▸ TASK DETAILS
Give again exactly the lines that run from the start of the records to the line holding "[Kismet Jewels ]H", both ends counted. Do not include the pictures.

▸ Brief descriptive captions
◆ ◆ ◆ ◆ ◆

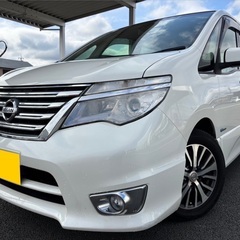 フリップダウンモニター付き☆ガソリン代 節約☆S-HYBRID入りました‼️26年式☆月々1.2万円〜分割払い可❗️車検2年付き！大人気☆ニッサン セレナ☆ 8人乗り☆SDナビ☆走行中DVD見れます☆ETC☆バックカメラ☆ドラレコ付きのフル装備☆両側電動スライドドア☆ウィンカーミラー☆フル装備☆事故修復歴無し☆車内広々三列シート‼️の画像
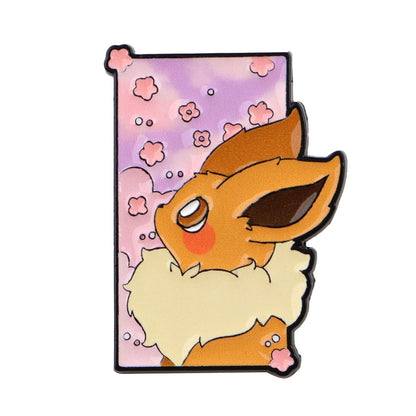 Pokemon Multicolour Eevee Enamel Pin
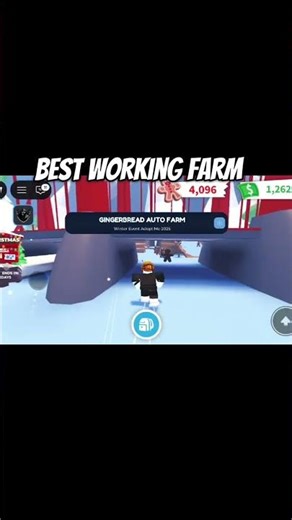 ADOPT ME | NEW BEST KEYLESS WORKING AUTOFARM GINGER BREAD #roblox #fyp #adoptmeroblox #adoptme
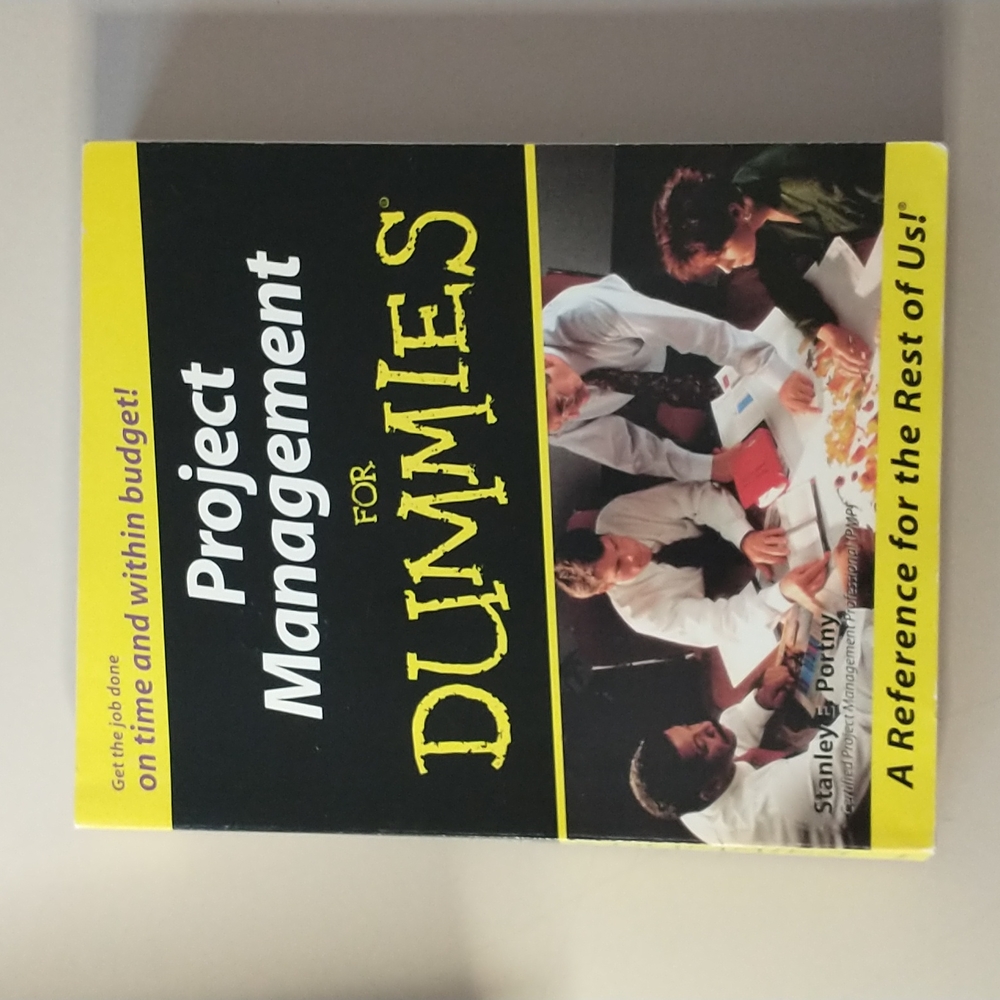 Project Management For Dummies Book
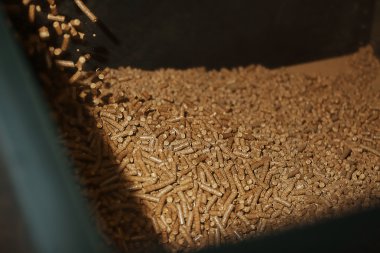 Katı yakıt briketler içinde krater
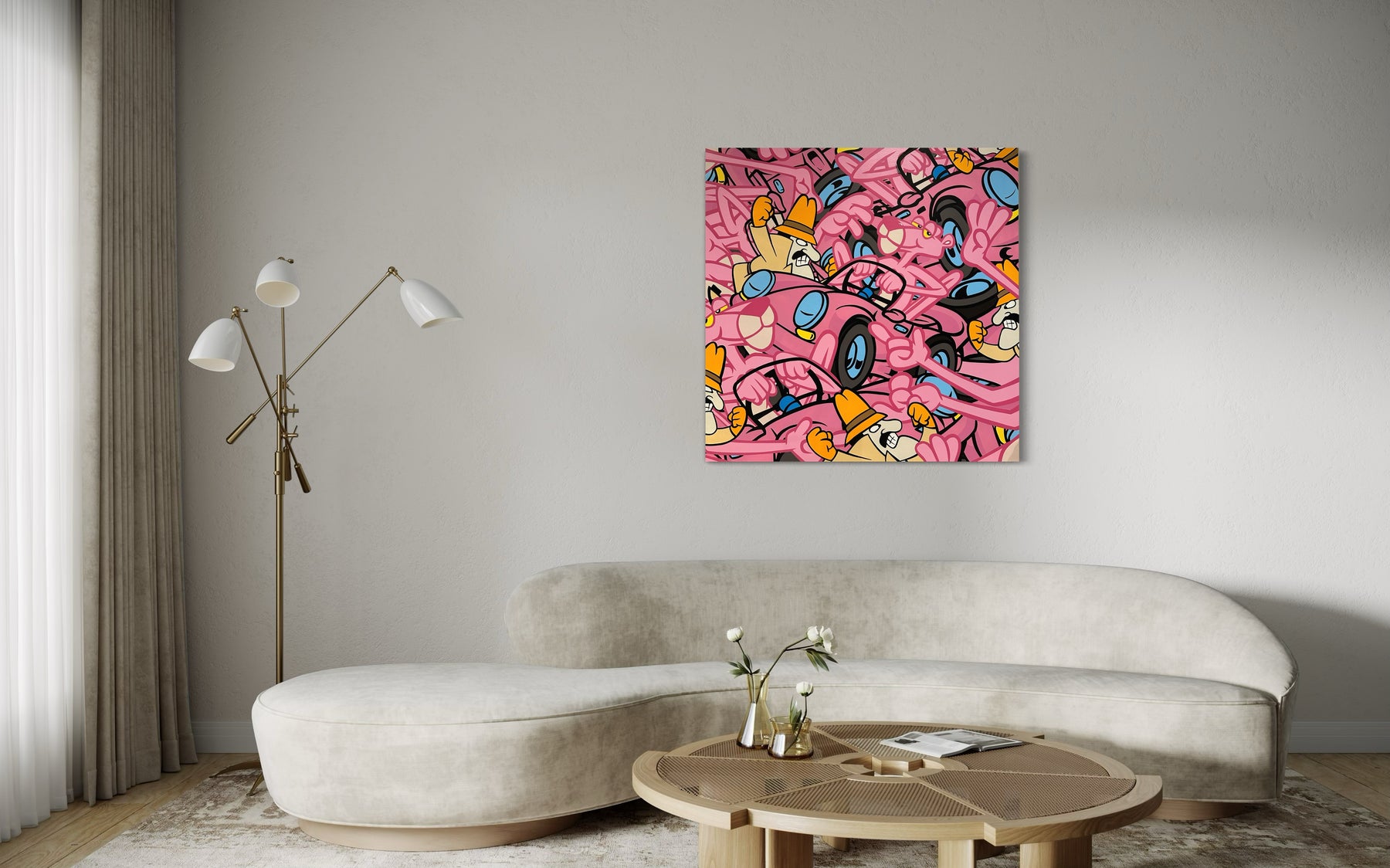 Opake – Pink Panther Original Acrylic Painting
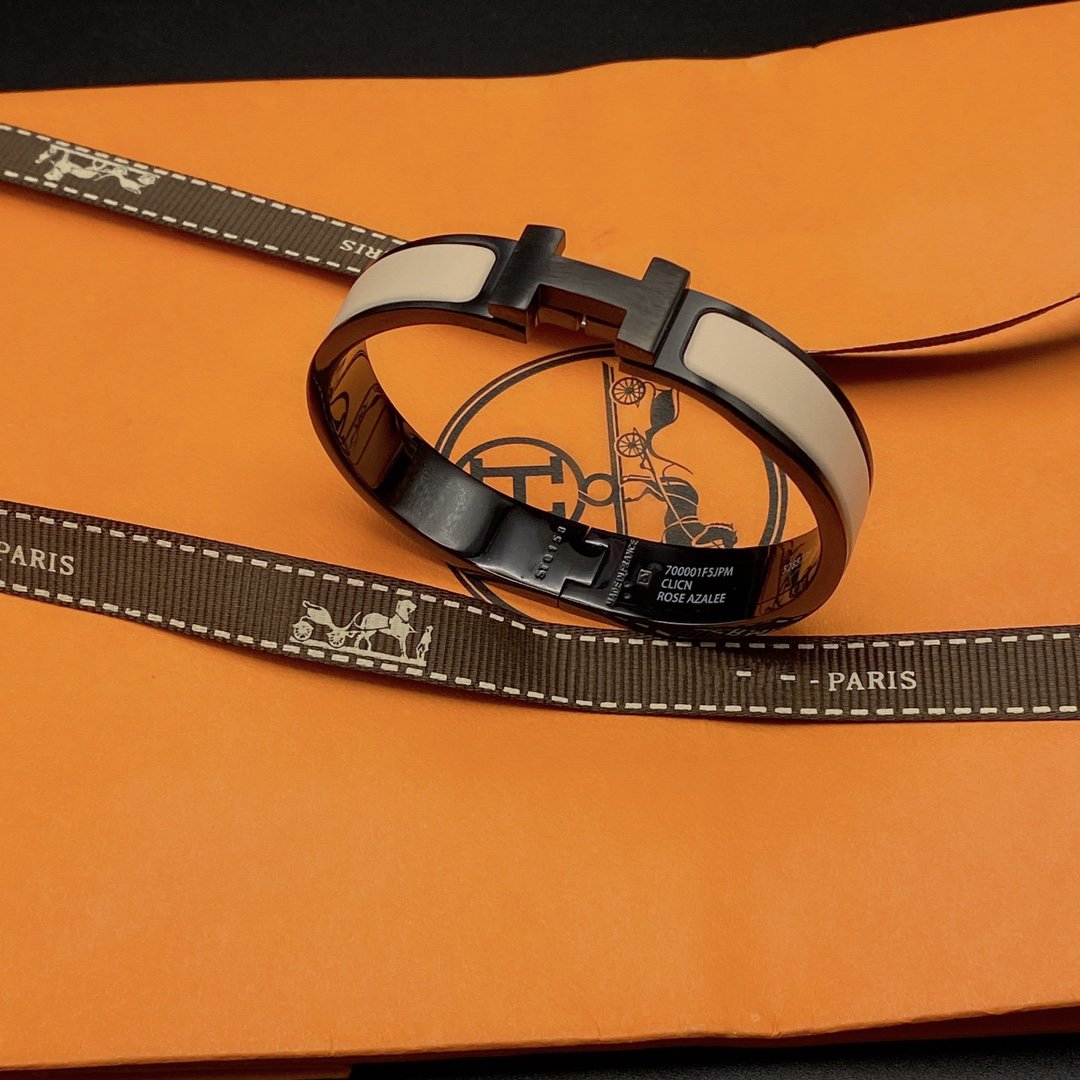 [Kismet Jewels ]H BRACELET 12MM BLACK BEIGE CERAMIC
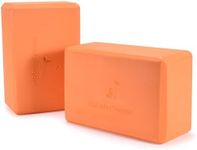 Steady Doggie Premium Yoga Blocks 2-Pack - High-Density, Non-Slip, Lightweight for Yoga, Pilates, Meditation, yog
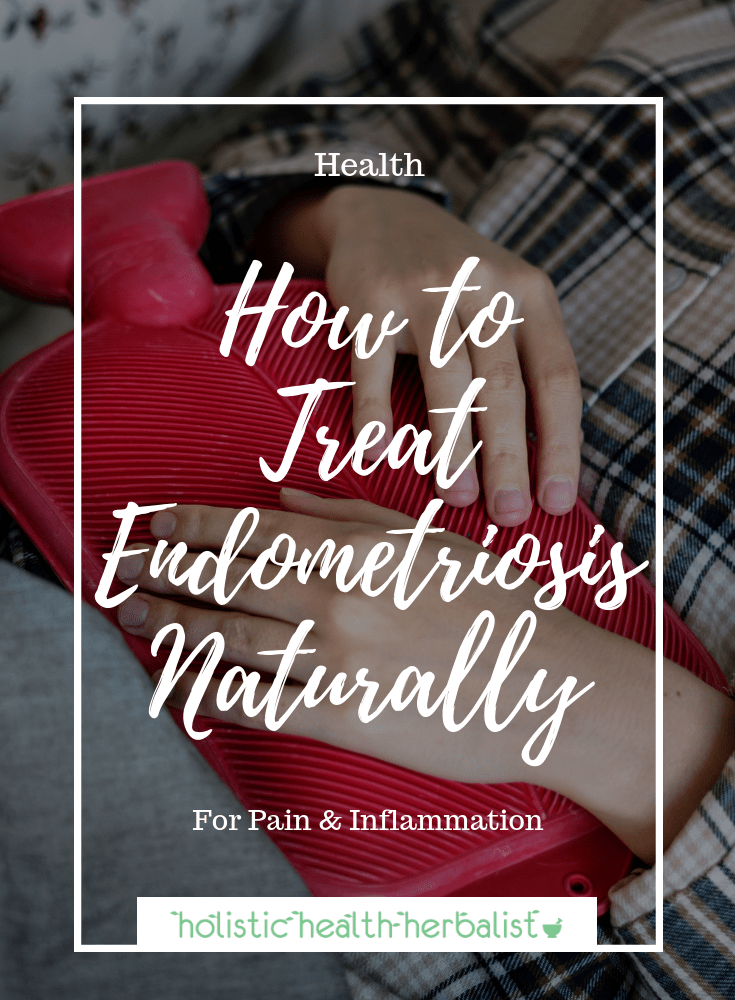 How to Treat Endometriosis Naturally - There are many natural methods to use that can greatly reduce the painful symptoms of endometriosis like essential oils, supplements and herbs, and homeopathy!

◆ ◆ ◆ ◆ ◆

▸ WRITTEN RESPONSE
 フリップダウンモニター付き☆ガソリン代 節約☆S-HYBRID入りました‼️26年式☆月々1.2万円〜分割払い可❗️車検2年付き！大人気☆ニッサン セレナ☆ 8人乗り☆SDナビ☆走行中DVD見れます☆ETC☆バックカメラ☆ドラレコ付きのフル装備☆両側電動スライドドア☆ウィンカーミラー☆フル装備☆事故修復歴無し☆車内広々三列シート‼️の画像
 Pokemon Multicolour Eevee Enamel Pin
 ADOPT ME | NEW BEST KEYLESS WORKING AUTOFARM GINGER BREAD #roblox #fyp #adoptmeroblox #adoptme
 Project Management For Dummies Book
 Katı yakıt briketler içinde krater
 Opake – Pink Panther Original Acrylic Painting
 [Kismet Jewels ]H BRACELET 12MM BLACK BEIGE CERAMIC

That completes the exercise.